There are those who get tango, and those who will never get tango.  This isn’t to say that only Argentinians get tango, and all foreigners don’t get what tango is.  It makes a difference when one grew up on tango in Buenos Aires and learned the dance early in life.  It’s in their blood.

Taking classes with many teachers is no guarantee that one gets tango.  Some Argentine teachers don’t get tango, so how can they inspire others with the music, lyrics, and orquestas.  They teach choreography and call it tango.

I was enjoying the music from my table when a foreigner made an overt, almost horizontal pose to get my attention for the tanda.  My standard advice to foreign visitors is: refuse to dance with men who approach your table; the worst dancers prey upon newcomers.  I don’t usually accept an , but I did this time and didn’t expect much.

Things didn’t get off to a good start.  My hair was in his face and he brushed it away with his hand, commanding that I do something to relieve his discomfort.  I did, but that would have been the perfect excuse to avoid the tanda with him.   My cheek rested on his sweaty face and my arm on his wet shirt from perspiration.  I couldn’t have been more uncomfortable.

I knew after the first few steps on the floor that I was with a man who danced for himself, not for his partner.  He danced memorized sequences and didn’t hear the music.  There is nothing I hate more than a dancer with no connection to the music.  Another is expecting a partner to automatically follow when there is no lead.  He had no awareness of me, only his own dancing.
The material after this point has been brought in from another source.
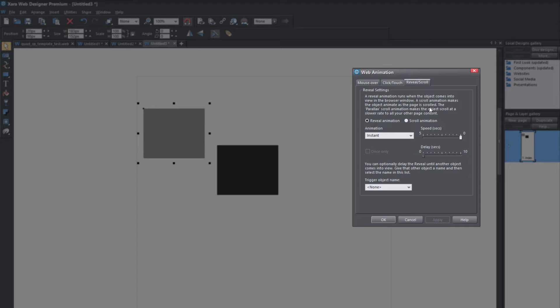The parallax scroll animation makes the object scroll at a slower rate than all your other page content. So when you're scrolling through that page, your standard page content is going to scroll at a similar rate to the speed at which the person scrolls your web page. But the parallax effect is going to slow down the objects that you apply it to in comparison to your standard page content — certain objects are going to scroll slower in relationship to your end user scrolling through your web page.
After the first dance, I asked him where he is from.  He told me, and then added he’s been living in Buenos Aires for six years.  That proves that people don’t get tango even while living here.

After the second dance, I asked him if he heard about the cabeceo for inviting someone to dance.  He said he couldn’t see very far.  I suggested wearing glasses,  but he said they don’t help him.  Later I saw him wearing glasses.  All the women were 20 feet away across the floor. If he didn’t use the cabeceo, he wasn’t going to dance.
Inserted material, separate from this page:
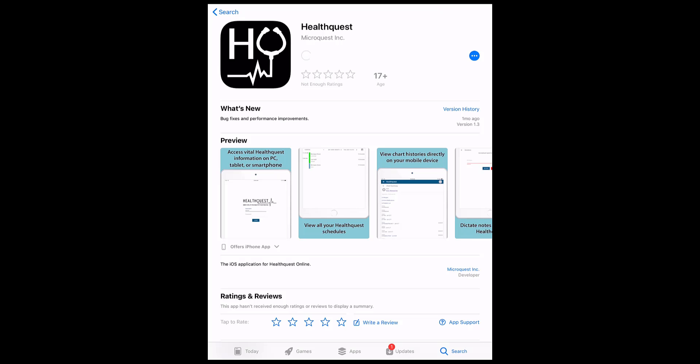First, install the HealthQuest Online app from either the Apple App Store or the Google Play Store, depending on your particular device.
This tangoman has a lot to learn.


6 Responses to “Tangoman”

  1. tangogeoff Says:


  2. Felicity Says:

    Oh my goodness. Did you last the tanda?!

  3. jantango Says:

    Yes, I did, and I survived. My time to make a quick get-away was the moment he complained about my hair. We were at the edge of the floor. I could have turned and walked away.

  4. Felicity Says:

    🙂 I had had a feeling it might have gone through your head at that point! I get quite a lot of stick from dancing so little. At least some people remark on it. It surprises me. Especially as I don’t think I make a habit – at least not a regular one! – of saying to women: God, why you do you accept so many?

  5. Lina Says:

    It is sad when years of dancing make no difference in the quality of your dance. And to dance tango yet not understand the background, culture and codigos. And not listen to the music. I would rather dance with a man who does very little, but does it to the music with me.. I have danced with many such men over the years. I call them showboats. They get one tanda.

  6. Felicity Says:

    ” I would rather dance with a man who does very little, but does it to the music with me”. Agreed. Or rather, a man who it might appear does very little.

    And all the women I like dancing with say similar things.

    I have to discovered I have say to guys I don’t know that I have a knee problem and can’t pivot well. So then mostly they ‘just’ walk. But I’ve had so many nice dances this way, including with men who haven’t the experience to know that less is more, that even if it weren’t true I think I would want to say it anyway.